12 months is the maximum term allowed with FCA Regulated self-build loans. This means that the build must be complete and loan repaid within the 12 month period.

The valuer will look at your month-by-month schedule of works and costs, along with their own research, to determine whether this is possible.

Non-regulated self-build bridging loans can be arranged over periods of up to 24 months. In some cases, terms of up to 36 months are available however this is uncommon.

Do I need planning permission?

Yes, full planning permission is required for self-build bridging. If the site doesn’t have the benefit of full planning permission, you can look at planning gain finance.

Once full planning is approved, you can then switch the loan or apply elsewhere for the self-build loan.

When looking at property conversion projects, in some cases permitted development rights apply and is accepted by lenders.

Can first time developers apply?

The simple answer is yes. We are able to offer self-build bridging loans to both first time and experienced developers alike.

Lenders may ask for additional information such as the details of the team you are using for the build and also your asset & liability position to cover any shortfalls later on should they arise.

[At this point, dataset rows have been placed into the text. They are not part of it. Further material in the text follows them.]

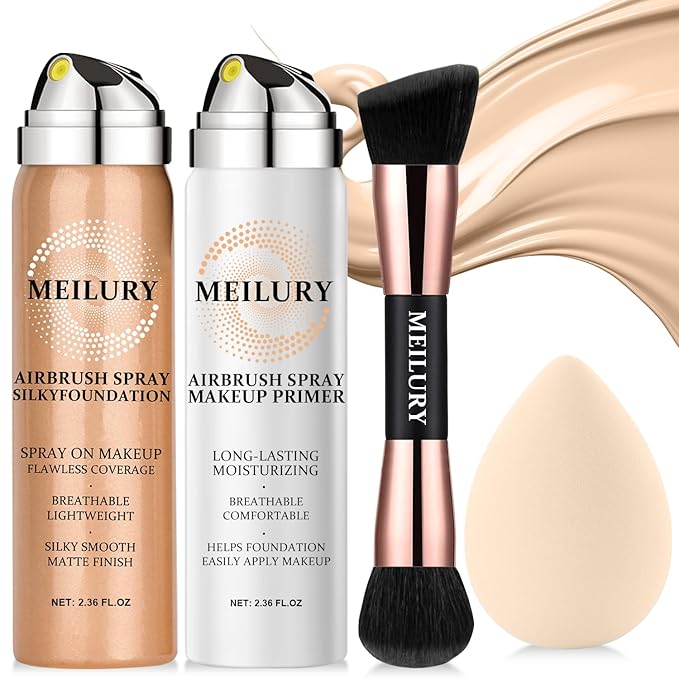 AirBrush Foundation Spray Set, Spray Foundation Makeup and Hydrating Face Air Primer Kit, Longwear Waterproof Liquid Matte Foundation Mist for Flawless Look (03 Nude)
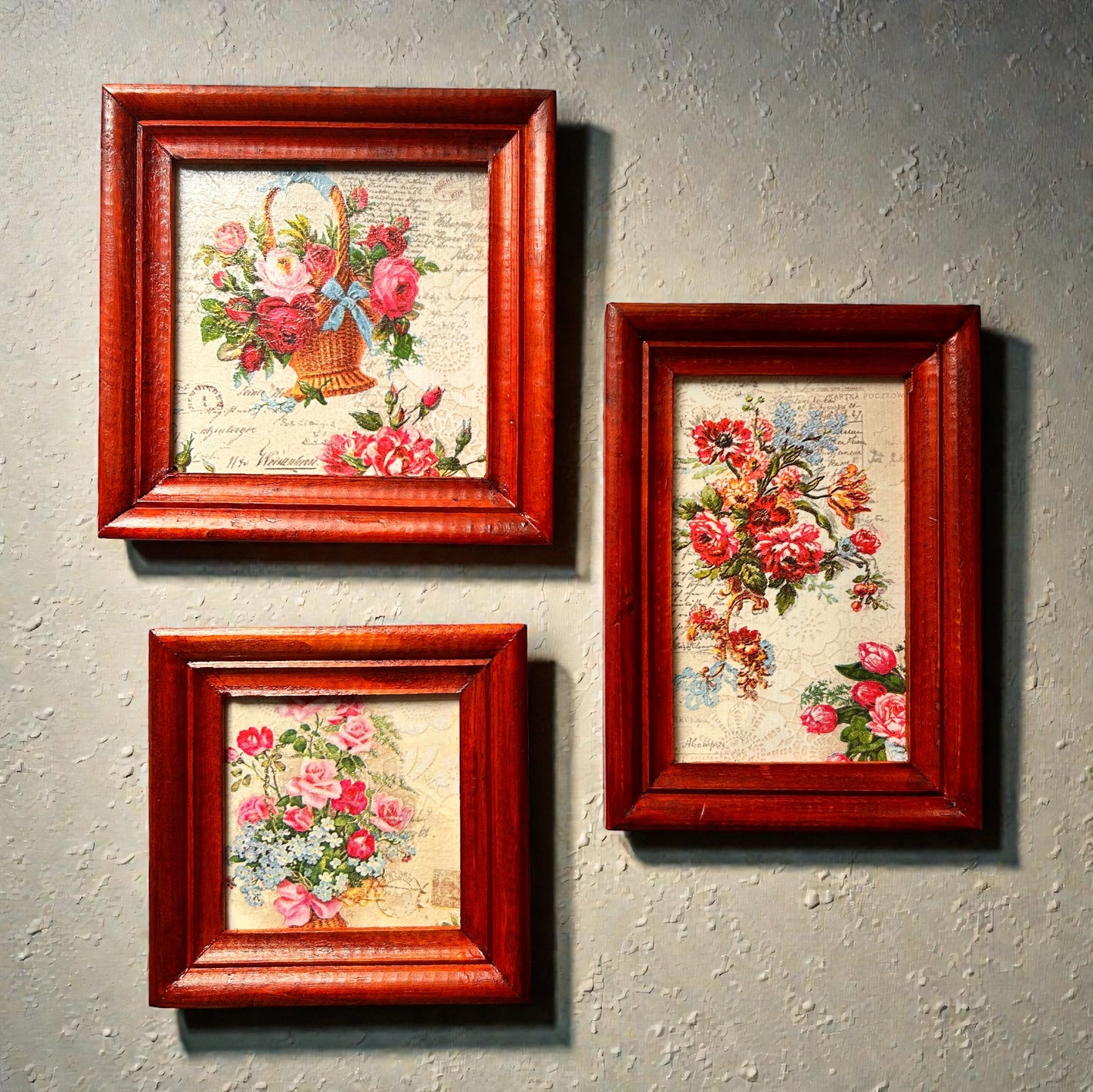Vintage Rose Wall Frames | Vintage Wooden Frame | Set of 3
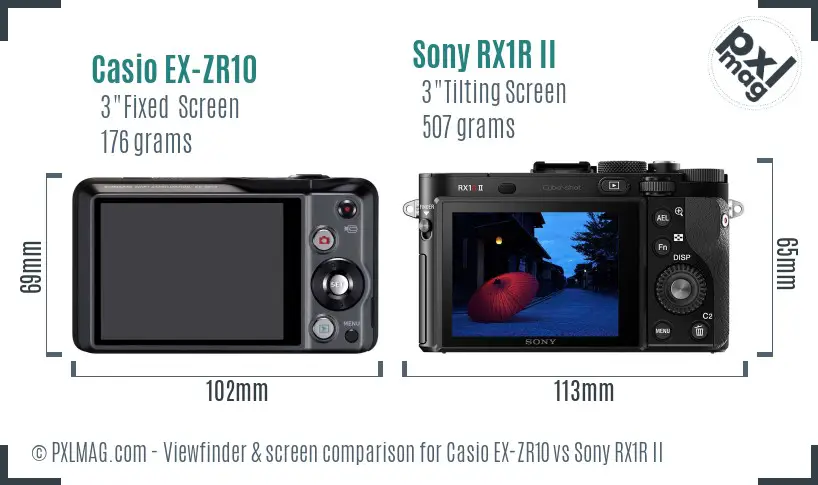 Casio EX-ZR10 vs Sony RX1R II Screen and Viewfinder comparison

Will I qualify if I have bad credit?

Yes, most self-build bridging loan funders allow some form of adverse credit.

You should mention this upfront to ensure the right lender is dealing with your application.

How do I repay a self-build bridging loan?

There are various ways to repay self-build bridging finance.

When the project is complete and all relevant warranties and building control sign off is in place, the property can be sold. Much like a standard mortgage, when the property is sold the loan is repaid.

You could of course keep the property and refinance onto a mortgage. This exit route should be assessed upfront to ensure it’s possible.

If you are to live in the property, you must ensure that you are able to borrow enough on a mortgage to cover the total loan balance, including fees and interest, otherwise known as the gross loan amount.

If you own other assets, these can be sold to repay the loan. Lenders will also accept exit’s via inheritance and pensions etc.

Both brokers and lenders will look to establish your exit strategy upfront.

Do I need a new-build warranty and building control sign off?

You should seek expert advice here however, in most cases, both a new-build warranty and building control sign off will likely be required.

For conversion projects, a professional consultants certificate (PCC) will likely be needed.

This is something that should be sorted out at the beginning of the process to avoid issues later on down the line, especially if looking to sell the property.

If the required warranties and sign-off isn’t in place, it will likely mean that the property is not mortgageable.